Data for analysis:
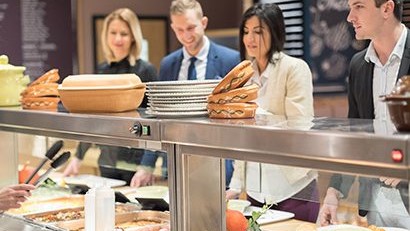 — title missing — Four young adults in cafeteria serving line.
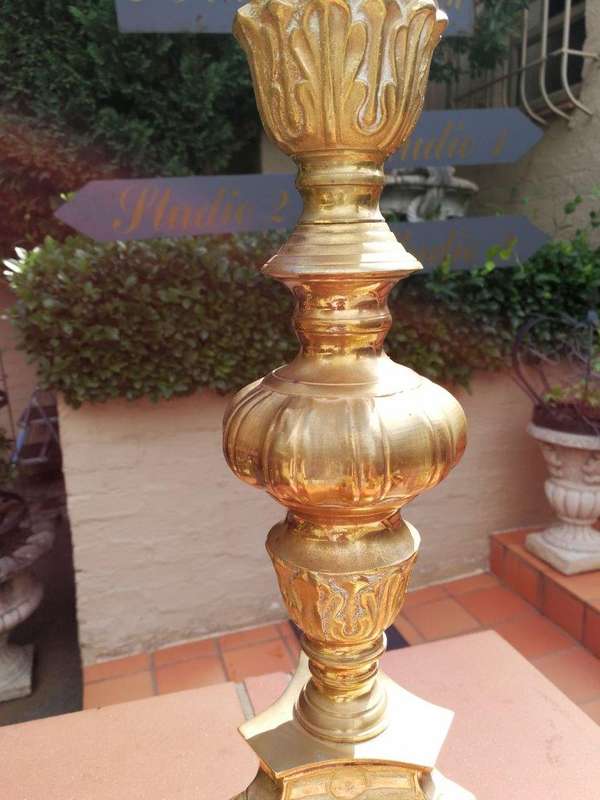 A 20th century pair of brass candleholders/pricket sticks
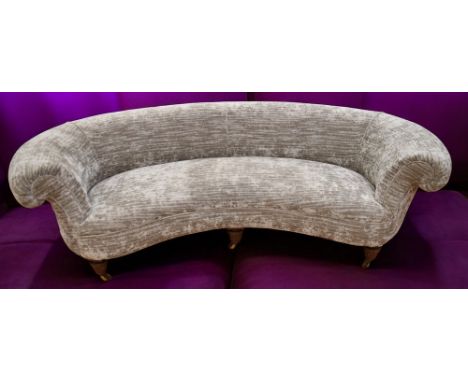 A 19th Century kidney shaped sofa, sofa has been reupholstered along with two 19th Century stools in mahogany.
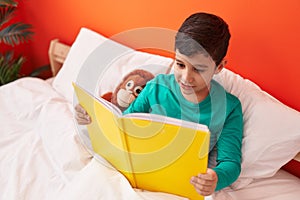 Adorable hispanic boy reading book sitting on bed at bedroom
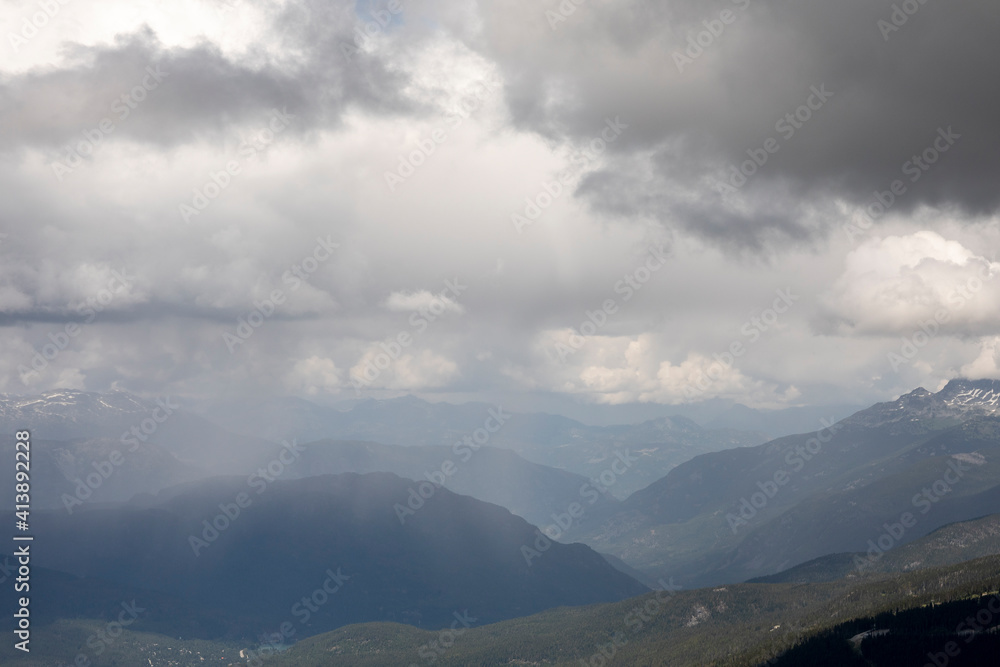 A rain storm is seen in the distance when looking at the Whistler valley from the mountain peak on a spring day. A rain storm is seen in the distance when looking at the Whistler valley from the mountain peak on a spring day.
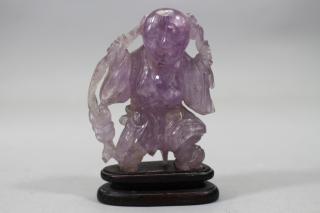 Appraisal: Antique Chinese Carved Amethyst Figure on Stand Antique Chinese Carved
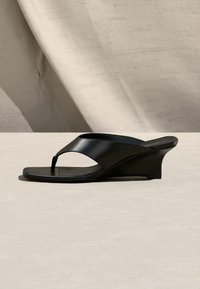 Sandale compensée noire à bout carré avec une large bride sur le pied, présentée sur un fond texturé neutre.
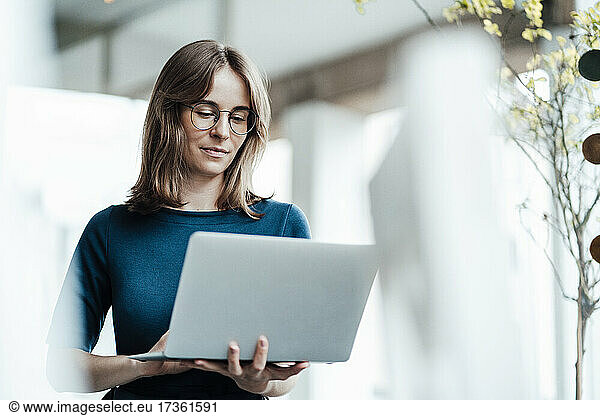 Freiberuflerin mit braunen Haaren benutzt Laptop in einem Café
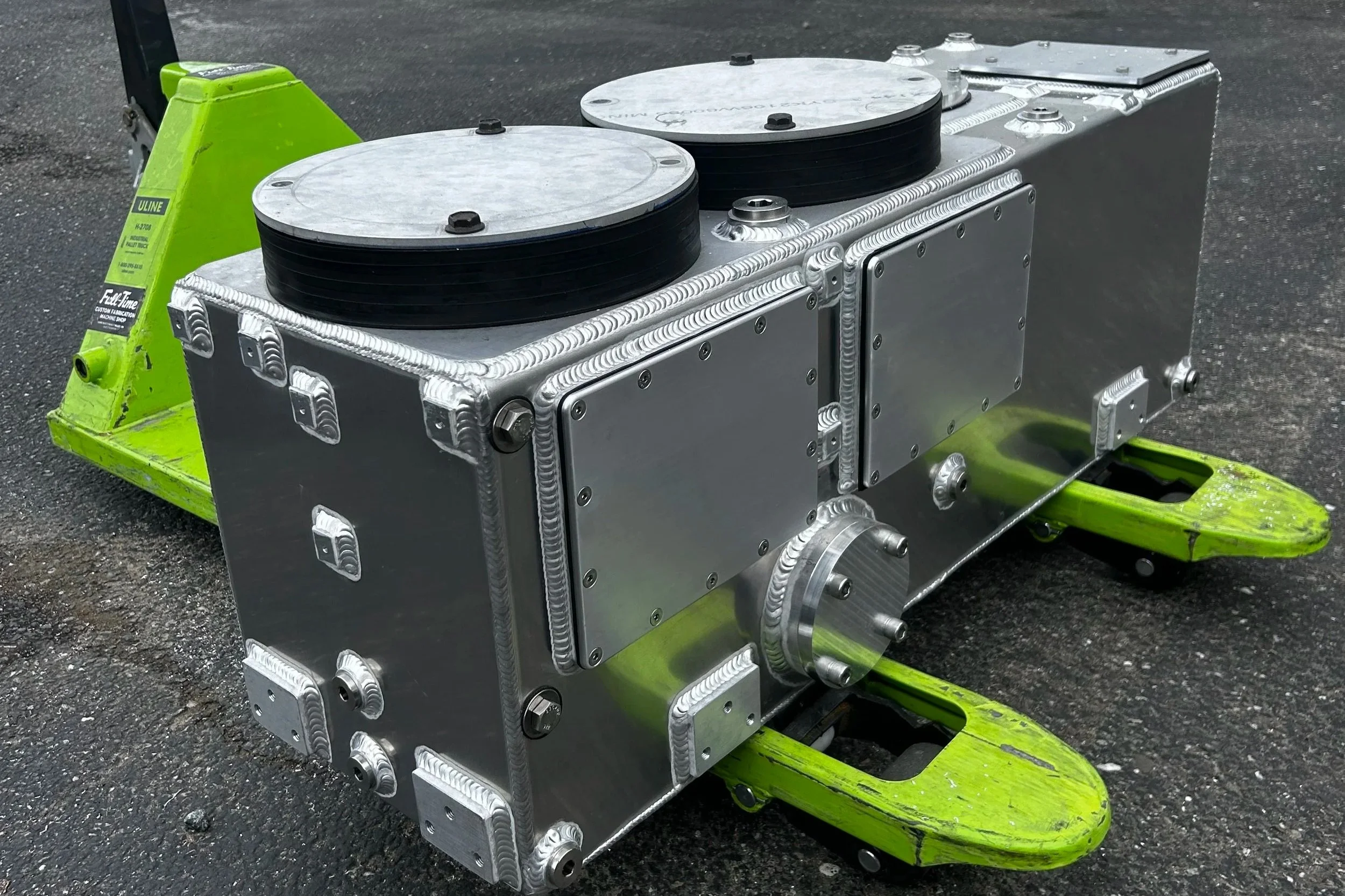 Close-up of a metallic robot component with black circular elements on top, mounted on a green dolly on a paved surface.
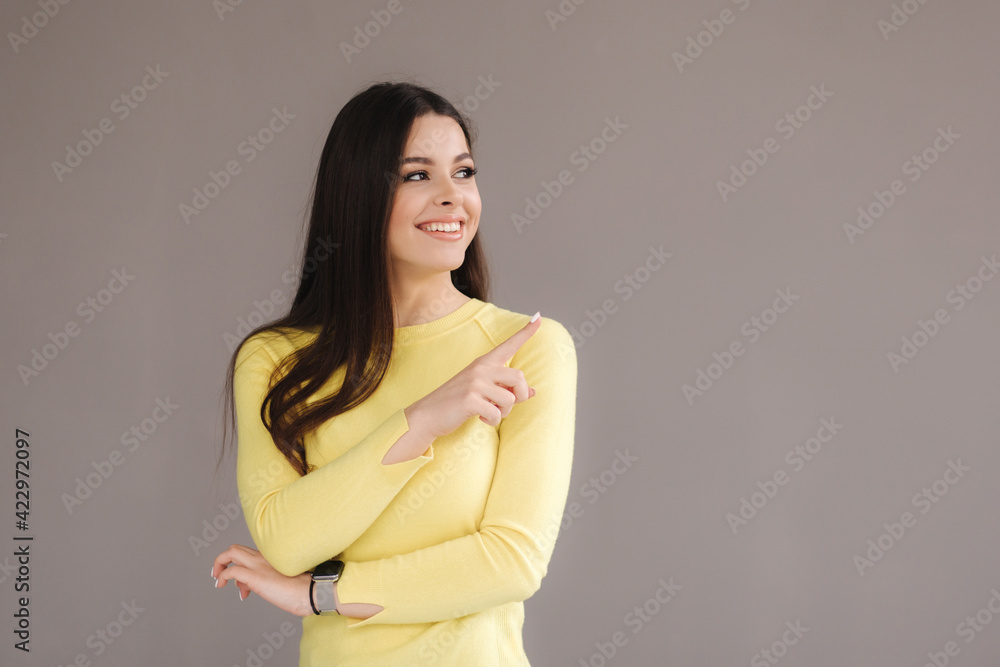 Portrait of attractive woman in yellow sweatshirt point the finger at place for text. Female on grey background Portrait of attractive woman in yellow sweatshirt point the finger at place for text. Female on grey background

What to do: Would you reproduce the listing above in full and exactly, without its pictures?

Result below:
 — title missing — Four young adults in cafeteria serving line.
 A 20th century pair of brass candleholders/pricket sticks
 A 19th Century kidney shaped sofa, sofa has been reupholstered along with two 19th Century stools in mahogany.
 Adorable hispanic boy reading book sitting on bed at bedroom
 A rain storm is seen in the distance when looking at the Whistler valley from the mountain peak on a spring day. A rain storm is seen in the distance when looking at the Whistler valley from the mountain peak on a spring day.
 Appraisal: Antique Chinese Carved Amethyst Figure on Stand Antique Chinese Carved
 Sandale compensée noire à bout carré avec une large bride sur le pied, présentée sur un fond texturé neutre.
 Freiberuflerin mit braunen Haaren benutzt Laptop in einem Café
 Close-up of a metallic robot component with black circular elements on top, mounted on a green dolly on a paved surface.
 Portrait of attractive woman in yellow sweatshirt point the finger at place for text. Female on grey background Portrait of attractive woman in yellow sweatshirt point the finger at place for text. Female on grey background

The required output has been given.